### Exercise
The line containing "无锡耐特森Profinet转RS485网关2.jpg" marks the start of the required copy, which runs to the final line of the entries; return those lines exactly, without any pictures.

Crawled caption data

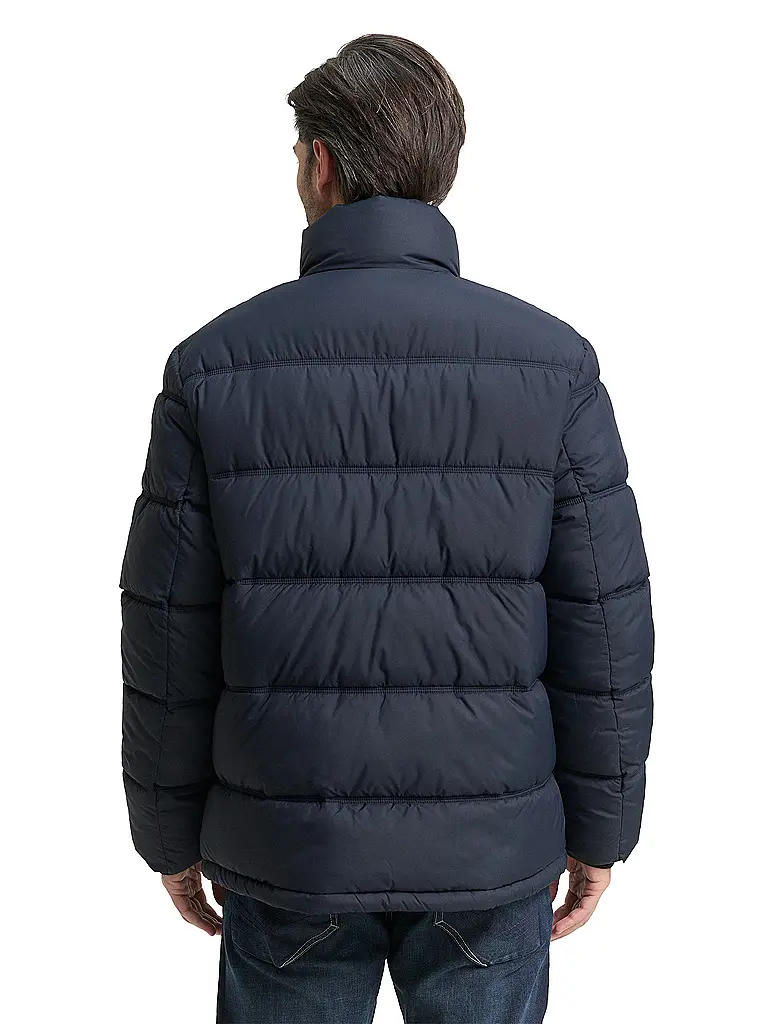 TOM TAILOR | Doudoune | 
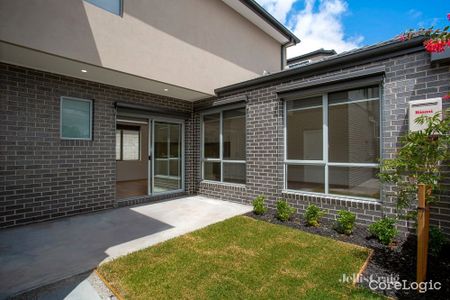 2/73 Boldrewood Parade, Reservoir - Photo 5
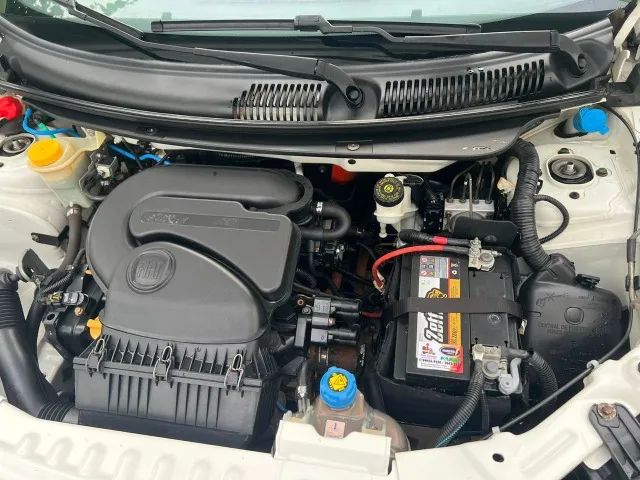 Alguel de carro para aplicativo (Uber, 99, etc) - Foto 4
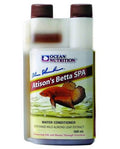 Ocean Nutrition Atison's Betta Spa 500mL - Conditionneur d'eau pour Combattants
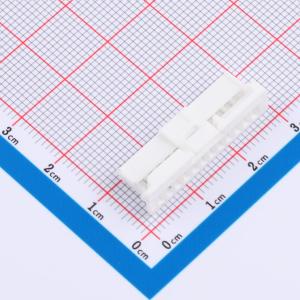 WT200B1M-12HJ3-02商品缩略图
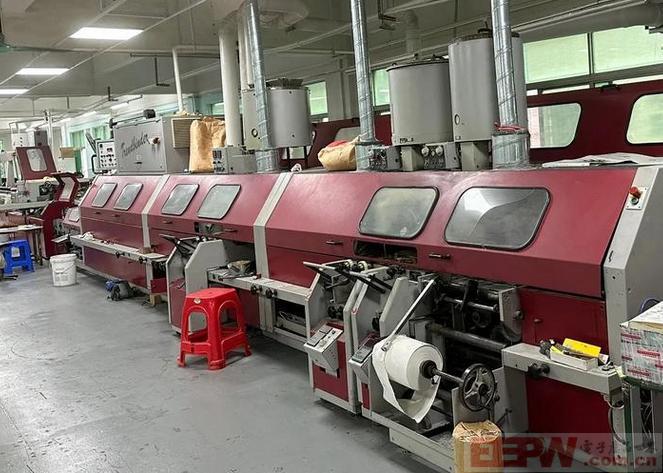 无锡耐特森Profinet转RS485网关2.jpg
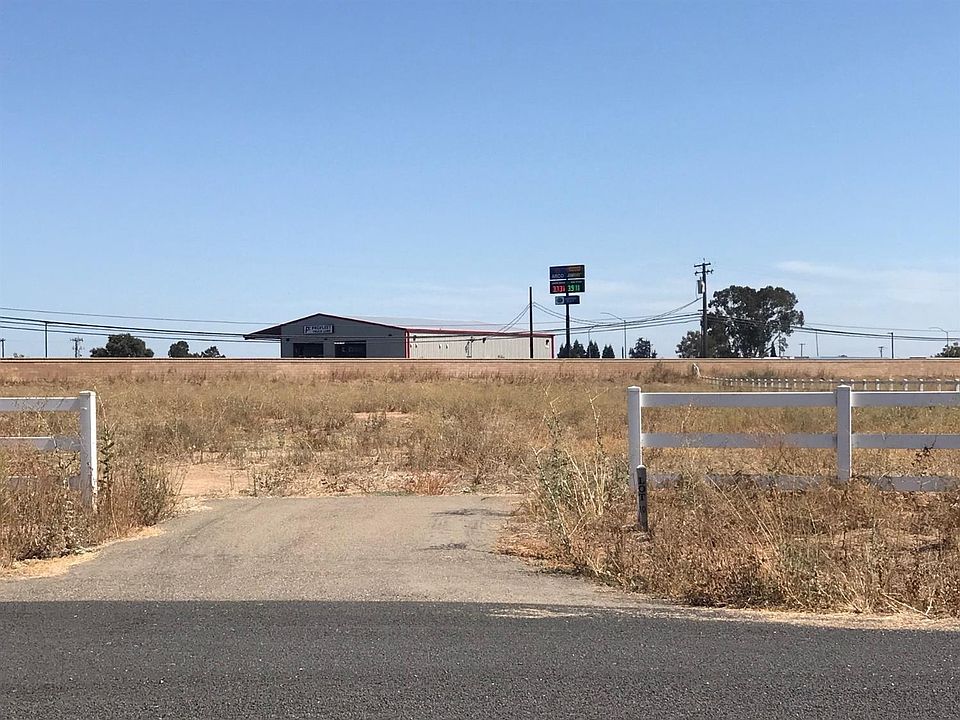 1st image of 24498 Leadstone Dr Lot 10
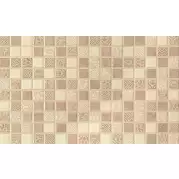 Декор 10301001876 Ravenna beige decor 01 30х50 Gracia Ceramica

### Solution for this exercise
 无锡耐特森Profinet转RS485网关2.jpg
 1st image of 24498 Leadstone Dr Lot 10
 Декор 10301001876 Ravenna beige decor 01 30х50 Gracia Ceramica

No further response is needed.